El autoproclamado Estado Islámico ha dado como doble justificación de los atentados la perversión francesa –han atacado centros de ocio y placer– y los bombardeos galos en Siria, es decir, reivindican los factores político (“Estado”) y religioso (“Islámico”). Otra de las reacciones a los atentados es la negación del factor religioso, que sólo sería una especie de cortina de humo terrorista para ocultar los auténticos motivos económicos y políticos. Nada tendría que ver, según esa teoría, que uno de los orígenes del problema sea la confrontación secular entre las dos ramas principales del Islam: la suní (ampliamente mayoritaria) y la chií, con Arabia Saudí e Irán como respectivos núcleos; nada tendría que ver que los terroristas sean una minoría radical y fanática de la rama suní que ha decidido expandir a la religión cristiana, con EE UU y Europa como núcleos, las habituales matanzas contra los musulmanes chiíes. Más allá de eso, según la reacción que reduce el factor religioso a un subterfugio, todo sería producto exclusivamente de los intereses geopolíticos y económicos occidentales en Oriente Medio, relacionados con la energía (petróleo, gas) y con el reparto de poder en los países de la zona.

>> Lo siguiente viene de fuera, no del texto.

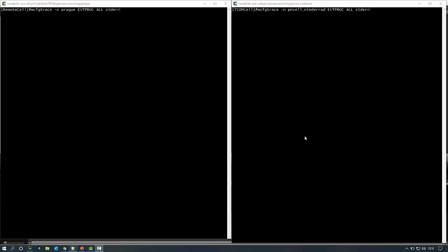And now for a demonstration. On the left side, I have my remote cell, or sending cell. And on the right side, I have my TSIM cell, or receiving cell.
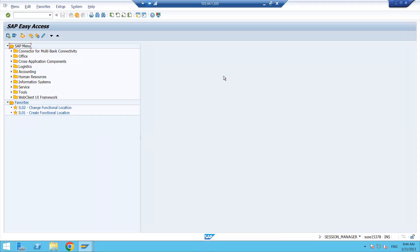Hello everyone, welcome to Adhaas Pro Training and Consulting. As we are discussing inventory management today, I will show you the end-to-end process. We have done the configuration settings in the previous video; today I will do the end-to-end process so that we can complete our goods receipt activity.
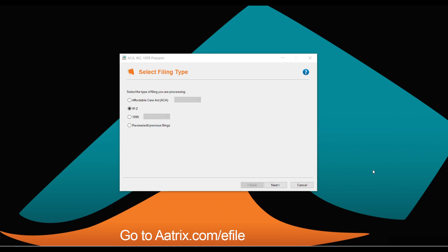Welcome and thank you for taking a few minutes to see just how simple it is to complete your W-2 e-filing using the Atrix ACA W-2 1099 preparer. Once you've downloaded the free software, simply select the form that you want to file — in this case, the W-2.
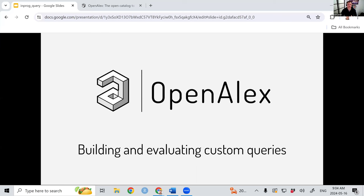Hello, everyone. Thanks for joining us here today for the Open Alex webinar series. Today is one I'm really excited about. We've needed to do this for a long time, but we're waiting for a new feature to launch. This is going to be a combination of talking about how to build custom queries in Open Alex, but also talk about the new feature that we just launched this week. The slides and presentation will be available on our website afterwards and on our YouTube channel as well.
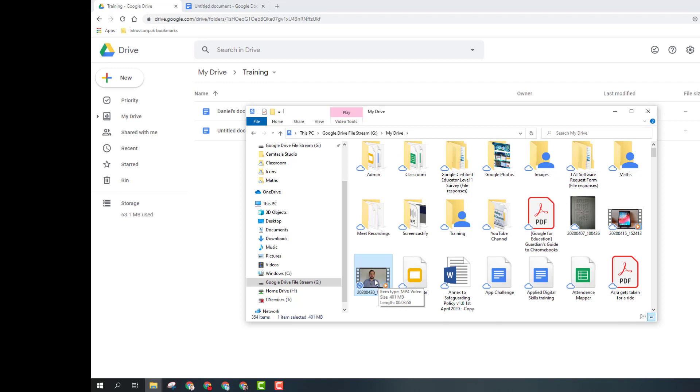I hope this has helped you get an idea of how you can work in Google Drive whilst not being connected to the internet.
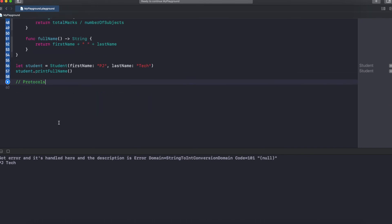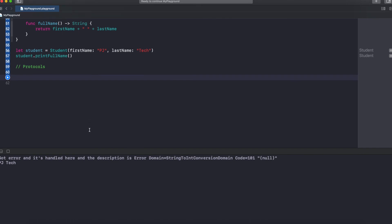Next: protocols. Protocols, as the name suggests, have certain rules — procedures. Protocols have defined declarations of methods and properties, but they won't have the implementation of those methods. Whoever wants to satisfy the protocol, they need to implement those methods or properties.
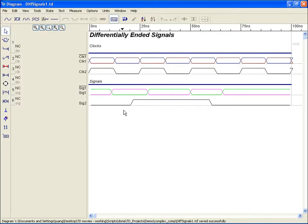By default, all waveforms are depicted as single-ended signals. But if you're working with differentially-ended signals, any of the waveform types available in Timing Designer can be displayed as a differentially-ended signal pair.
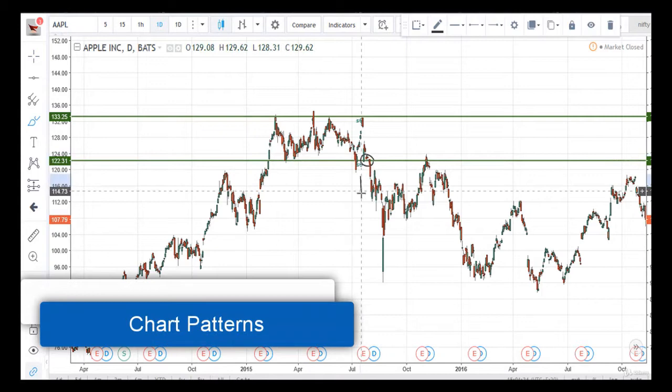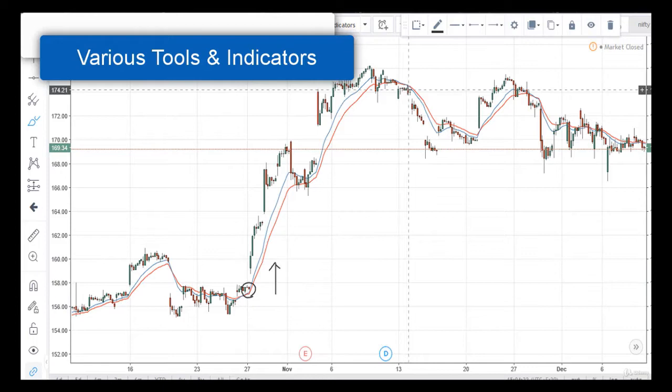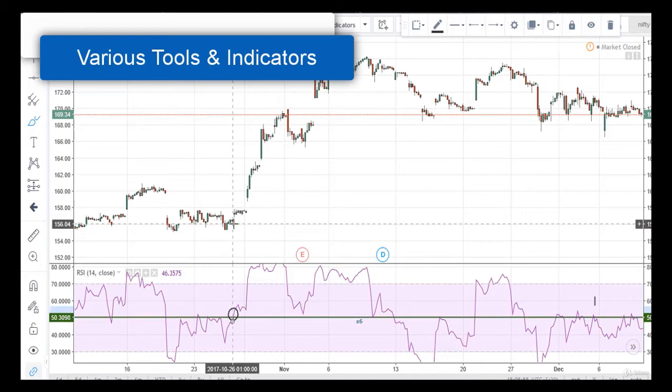You will also learn how to use and apply different tools and indicators like Moving Average, RSI, MACD, Stochastic, Fibonacci, Bollinger Bands, Parabolic SAR, and there is a lot more that we cannot cover in this little video.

Ayer escuché cómo una niña le preguntaba a su madre por qué nos matan si somos buenos. No logré escuchar la respuesta. Es complicada, porque habría que asumir el lógico reduccionismo infantil de la pregunta. Pero Europa, la sociedad occidental actual, no es ni buena ni mala: es buena y mala al mismo tiempo. Es buena si atendemos a los factores religioso y cultural, porque representa la civilización emancipada de la religión, la cultura frente a la barbarie, la Ilustración frente al oscurantismo medieval (la perversión frente a la pureza, en términos yihadistas). Y es mala en el aspecto económico y político, porque forma parte junto a EE UU de un grupo de poder agresivo que desde hace décadas oprime, obliga al exilio y provoca la muerte de miles de personas, además de demonizar la cultura árabe, la religión musulmana en su conjunto y la autonomía de tantos países en favor de intereses económicos y geopolíticos (algo que también hacen los propios dirigentes de esos países, aupados al poder o expulsados de él en función del arbitrio interesado de las potencias occidentales, en especial de EE UU). Cuanto antes asumamos que no podemos solucionar el horror de una sentada, en términos de buenos y malos, antes comenzaremos a atisbar posibles soluciones que pongan freno a la barbarie que mancha de sangre el mundo entero, desde París a Baga pasando por Beirut, Garissa o Ankara.